By the way, could you point out in what cases we can get LOST
partition with some data for in-memory cache?
сб, 3 нояб. 2018 г. в 00:33, Denis Magda <[hidden email]>:

>
> Hi Stan,
>
> Thanks for the extensive analysis. Alex G. could you please step in and
> share your thoughts. Seems it's time to revisit IEP-4 and prioritize the
> gaps.
>
> --
> Denis
>
> On Wed, Oct 31, 2018 at 7:56 AM Stanislav Lukyanov <[hidden email]>
> wrote:
>
> > Hi Igniters,
> >
> > I've been looking into various scenarios of Partition Loss Policies usage
> > recently,
> > and found a number of issues in the current implementation.
> >
> > I'll start with an overview, but if you'd like to dive to a proposal I
> > have right now then please
> > feel free to scroll down to TLDR.
> >
> > The list of issues is below:
> > https://issues.apache.org/jira/browse/IGNITE-10041: Partition loss
> > policies work incorrectly with BLT
> > https://issues.apache.org/jira/browse/IGNITE-10043: Lost partitions list
> > is reset when only one server is alive in the cluster
> > https://issues.apache.org/jira/browse/IGNITE-9841: SQL doesn't take lost
> > partitions into account when persistence is enabled
> > https://issues.apache.org/jira/browse/IGNITE-10057: SQL queries hang
> > during rebalance if there are LOST partitions
> > https://issues.apache.org/jira/browse/IGNITE-9902: ScanQuery doesn't take
> > lost partitions into account
> > https://issues.apache.org/jira/browse/IGNITE-10059: Local scan query
> > against LOST partition fails
> > https://issues.apache.org/jira/browse/IGNITE-10044: LOST partition is
> > marked as OWNING after the owner rejoins with existing persistent data
> > https://issues.apache.org/jira/browse/IGNITE-10058: resetLostPartitions()

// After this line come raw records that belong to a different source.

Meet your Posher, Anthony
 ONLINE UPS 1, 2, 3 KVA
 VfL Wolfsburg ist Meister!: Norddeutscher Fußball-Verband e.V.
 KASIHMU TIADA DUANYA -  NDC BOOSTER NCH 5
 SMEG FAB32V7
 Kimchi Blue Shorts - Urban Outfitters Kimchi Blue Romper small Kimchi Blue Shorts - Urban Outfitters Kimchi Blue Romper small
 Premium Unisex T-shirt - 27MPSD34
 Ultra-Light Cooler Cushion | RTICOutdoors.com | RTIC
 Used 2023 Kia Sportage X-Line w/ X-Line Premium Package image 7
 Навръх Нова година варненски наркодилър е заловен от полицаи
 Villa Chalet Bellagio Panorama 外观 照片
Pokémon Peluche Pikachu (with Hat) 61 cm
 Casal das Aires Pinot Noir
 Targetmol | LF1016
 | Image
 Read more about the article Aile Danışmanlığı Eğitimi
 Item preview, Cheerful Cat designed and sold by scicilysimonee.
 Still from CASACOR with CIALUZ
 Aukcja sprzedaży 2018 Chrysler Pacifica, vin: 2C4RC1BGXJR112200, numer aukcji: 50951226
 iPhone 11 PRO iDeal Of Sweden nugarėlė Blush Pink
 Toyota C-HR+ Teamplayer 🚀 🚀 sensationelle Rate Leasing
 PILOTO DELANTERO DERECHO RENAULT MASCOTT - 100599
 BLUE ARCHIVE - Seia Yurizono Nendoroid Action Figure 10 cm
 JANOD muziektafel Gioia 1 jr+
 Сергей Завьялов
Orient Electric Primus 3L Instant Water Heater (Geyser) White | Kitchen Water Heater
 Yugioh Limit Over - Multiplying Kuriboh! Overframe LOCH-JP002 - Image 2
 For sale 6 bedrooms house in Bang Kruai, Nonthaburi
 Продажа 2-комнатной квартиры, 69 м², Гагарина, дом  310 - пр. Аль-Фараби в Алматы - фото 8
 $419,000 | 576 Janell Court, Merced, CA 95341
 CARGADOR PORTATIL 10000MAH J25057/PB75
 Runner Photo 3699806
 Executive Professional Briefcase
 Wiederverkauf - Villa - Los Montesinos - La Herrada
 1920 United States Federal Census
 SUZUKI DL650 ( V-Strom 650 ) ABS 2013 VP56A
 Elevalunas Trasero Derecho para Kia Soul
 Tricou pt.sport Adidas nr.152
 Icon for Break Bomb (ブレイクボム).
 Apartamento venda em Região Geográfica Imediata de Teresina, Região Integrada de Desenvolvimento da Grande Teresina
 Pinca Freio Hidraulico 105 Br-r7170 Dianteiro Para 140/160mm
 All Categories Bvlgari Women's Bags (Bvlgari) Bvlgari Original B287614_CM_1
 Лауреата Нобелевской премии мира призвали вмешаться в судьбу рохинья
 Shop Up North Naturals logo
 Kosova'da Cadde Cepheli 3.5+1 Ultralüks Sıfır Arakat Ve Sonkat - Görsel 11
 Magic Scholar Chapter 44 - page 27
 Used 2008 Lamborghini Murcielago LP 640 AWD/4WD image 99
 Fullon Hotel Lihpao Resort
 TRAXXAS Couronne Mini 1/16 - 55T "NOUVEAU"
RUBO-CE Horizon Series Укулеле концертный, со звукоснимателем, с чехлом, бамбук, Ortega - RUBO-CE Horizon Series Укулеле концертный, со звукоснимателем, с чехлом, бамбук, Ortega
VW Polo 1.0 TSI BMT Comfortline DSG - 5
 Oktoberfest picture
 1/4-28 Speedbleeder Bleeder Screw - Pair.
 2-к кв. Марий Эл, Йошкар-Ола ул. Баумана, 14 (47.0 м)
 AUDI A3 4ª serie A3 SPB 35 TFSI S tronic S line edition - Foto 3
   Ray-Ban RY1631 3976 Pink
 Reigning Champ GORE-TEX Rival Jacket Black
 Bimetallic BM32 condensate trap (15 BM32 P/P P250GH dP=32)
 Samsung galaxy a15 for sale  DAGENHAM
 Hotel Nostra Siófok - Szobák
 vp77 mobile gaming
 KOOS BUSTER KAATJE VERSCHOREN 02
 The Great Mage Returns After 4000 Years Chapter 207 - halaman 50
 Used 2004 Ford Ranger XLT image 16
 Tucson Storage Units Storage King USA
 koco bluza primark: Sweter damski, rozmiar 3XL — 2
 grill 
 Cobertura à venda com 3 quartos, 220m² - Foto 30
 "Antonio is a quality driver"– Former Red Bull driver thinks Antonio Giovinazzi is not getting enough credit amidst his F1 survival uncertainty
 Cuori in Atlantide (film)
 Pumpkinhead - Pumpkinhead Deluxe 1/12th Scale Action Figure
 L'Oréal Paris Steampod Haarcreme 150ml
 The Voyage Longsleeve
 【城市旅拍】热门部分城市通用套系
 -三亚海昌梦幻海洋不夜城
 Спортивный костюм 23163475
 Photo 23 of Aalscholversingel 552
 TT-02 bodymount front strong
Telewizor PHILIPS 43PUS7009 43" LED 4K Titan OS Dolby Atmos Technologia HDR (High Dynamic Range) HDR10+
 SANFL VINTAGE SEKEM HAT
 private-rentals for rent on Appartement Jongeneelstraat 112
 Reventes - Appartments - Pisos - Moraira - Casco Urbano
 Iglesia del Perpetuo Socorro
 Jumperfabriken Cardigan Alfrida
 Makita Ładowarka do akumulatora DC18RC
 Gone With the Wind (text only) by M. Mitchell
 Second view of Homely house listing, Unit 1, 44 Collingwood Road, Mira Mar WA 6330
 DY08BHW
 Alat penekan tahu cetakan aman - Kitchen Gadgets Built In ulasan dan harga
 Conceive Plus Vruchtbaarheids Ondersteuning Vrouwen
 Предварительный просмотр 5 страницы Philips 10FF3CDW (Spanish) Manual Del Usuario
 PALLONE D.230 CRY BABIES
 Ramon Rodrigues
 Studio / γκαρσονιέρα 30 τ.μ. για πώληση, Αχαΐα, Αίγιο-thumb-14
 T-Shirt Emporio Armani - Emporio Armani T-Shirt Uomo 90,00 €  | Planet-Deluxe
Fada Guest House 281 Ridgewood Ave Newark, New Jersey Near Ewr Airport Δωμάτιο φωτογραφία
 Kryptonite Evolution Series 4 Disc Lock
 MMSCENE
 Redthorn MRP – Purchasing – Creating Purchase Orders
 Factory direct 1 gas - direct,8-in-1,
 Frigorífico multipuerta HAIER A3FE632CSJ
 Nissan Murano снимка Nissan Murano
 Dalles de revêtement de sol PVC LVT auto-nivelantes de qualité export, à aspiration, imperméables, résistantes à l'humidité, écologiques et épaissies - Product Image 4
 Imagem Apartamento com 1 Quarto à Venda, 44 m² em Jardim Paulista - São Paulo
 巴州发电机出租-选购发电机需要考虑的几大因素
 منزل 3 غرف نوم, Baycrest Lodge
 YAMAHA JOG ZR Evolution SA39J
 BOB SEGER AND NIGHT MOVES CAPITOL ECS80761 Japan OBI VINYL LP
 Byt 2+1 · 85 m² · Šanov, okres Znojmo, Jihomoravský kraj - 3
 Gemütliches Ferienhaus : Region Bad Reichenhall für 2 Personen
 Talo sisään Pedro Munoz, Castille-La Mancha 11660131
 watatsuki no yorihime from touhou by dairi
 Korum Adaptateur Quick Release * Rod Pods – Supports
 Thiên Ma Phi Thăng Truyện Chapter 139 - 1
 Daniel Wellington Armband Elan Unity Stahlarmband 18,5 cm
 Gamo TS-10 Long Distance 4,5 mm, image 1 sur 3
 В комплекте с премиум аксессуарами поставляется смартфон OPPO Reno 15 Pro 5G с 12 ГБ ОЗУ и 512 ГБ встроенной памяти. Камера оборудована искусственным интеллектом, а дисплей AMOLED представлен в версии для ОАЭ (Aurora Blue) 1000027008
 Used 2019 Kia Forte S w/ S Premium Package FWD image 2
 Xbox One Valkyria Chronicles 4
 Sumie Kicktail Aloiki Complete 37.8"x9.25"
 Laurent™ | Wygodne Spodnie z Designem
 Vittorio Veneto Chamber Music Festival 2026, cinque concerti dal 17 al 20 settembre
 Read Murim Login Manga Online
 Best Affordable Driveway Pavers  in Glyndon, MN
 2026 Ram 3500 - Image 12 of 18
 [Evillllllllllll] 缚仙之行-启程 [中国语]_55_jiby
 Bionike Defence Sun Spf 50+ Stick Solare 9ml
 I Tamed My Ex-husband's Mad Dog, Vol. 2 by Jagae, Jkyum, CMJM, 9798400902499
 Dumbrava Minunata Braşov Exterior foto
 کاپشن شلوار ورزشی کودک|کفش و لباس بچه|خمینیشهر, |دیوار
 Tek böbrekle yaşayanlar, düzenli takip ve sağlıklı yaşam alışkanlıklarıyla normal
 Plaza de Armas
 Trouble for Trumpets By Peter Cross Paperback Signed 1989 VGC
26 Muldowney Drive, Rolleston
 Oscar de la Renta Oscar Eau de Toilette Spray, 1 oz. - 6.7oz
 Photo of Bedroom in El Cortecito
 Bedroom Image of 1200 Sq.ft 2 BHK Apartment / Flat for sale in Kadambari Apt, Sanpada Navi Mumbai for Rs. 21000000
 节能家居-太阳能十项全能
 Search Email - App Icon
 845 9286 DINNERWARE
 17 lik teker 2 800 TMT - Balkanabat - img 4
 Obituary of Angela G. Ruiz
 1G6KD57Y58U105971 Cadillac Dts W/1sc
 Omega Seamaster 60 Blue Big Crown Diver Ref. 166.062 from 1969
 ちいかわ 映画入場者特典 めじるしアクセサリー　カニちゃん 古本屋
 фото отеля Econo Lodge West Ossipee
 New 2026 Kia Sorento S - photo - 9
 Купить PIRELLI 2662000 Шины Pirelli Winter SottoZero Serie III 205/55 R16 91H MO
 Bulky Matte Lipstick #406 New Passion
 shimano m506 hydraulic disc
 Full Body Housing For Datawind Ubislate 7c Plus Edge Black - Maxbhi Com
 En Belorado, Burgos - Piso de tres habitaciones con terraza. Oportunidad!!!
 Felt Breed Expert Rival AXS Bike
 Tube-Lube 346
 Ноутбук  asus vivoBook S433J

> > leaves an additional copy of a partition in the cluster
> >
> > I'm sure this is not a complete list, but this is what I could find by
> > tackling how queries and
> > persistence interact with current handling of partition loss.
> >
> > It seems that the issues - from this list and some other fixed recently -
> > can be split into three categories
> > - corner case bugs - there are always some, and we can fix them as they
> > show up
> > - handling of lost partitions by different APIs - while JCache API handles
> > lost partitions fine,
> > SQL and Scan queries have known issues; other APIs, such different types
> > of queries, DataStreamer,
> > etc probably need to have more testing
> > - Partition Loss Policices + BLT (
> > https://issues.apache.org/jira/browse/IGNITE-10041) - BLT seems
> > to be fundametally conflicting with the pre-existing semantics of
> > partition loss
> >
> > While the former two categories can be solved case-by-case, the last one
> > needs a wider design effort.
> > We need to reimagine our partition loss semantics for BLT, and change
> > behavior accordingly.
> > For now, most of the features don't really work for a cache with BLT, with
> > only READ_WRITE_SAFE and
> > READ_ONLY_SAFE working correctly (good thing - these two are the most
> > useful policies anyway).
> >
> > TLDR: we have issues with partition loss policices, and the largest one is
> > that BLT semantics
> > conflict with most partition lost policices, and we need to address this
> > somehow.
> >
> > What I suggest to do right now:
> > 1. Deny the configurations that don't work - e.g. just throw an exception
> > if a cache starts
> > with BLT and PartitionLossPolicy.IGNORE or others.
> > 2. Change default PartitionLossPolicy to READ_WRITE_SAFE *for persistent
> > caches only*.
> > This is what effectively in place for the persistent caches already (since
> > IGNORE semantics are
> > not supported), so this shouldn't bring a lot of compatibility issues.
> >
> > I believe doing this will at least help us to protect the users from
> > unexpected/inconsistent behavior.
> > Actual design changes can be done later, e.g. as a part of IEP 4 Phase 2/3.
> >
> > WDYT?
> >
> > Thanks,
> > Stan
> >
> >



--
Best regards,
Ivan Pavlukhin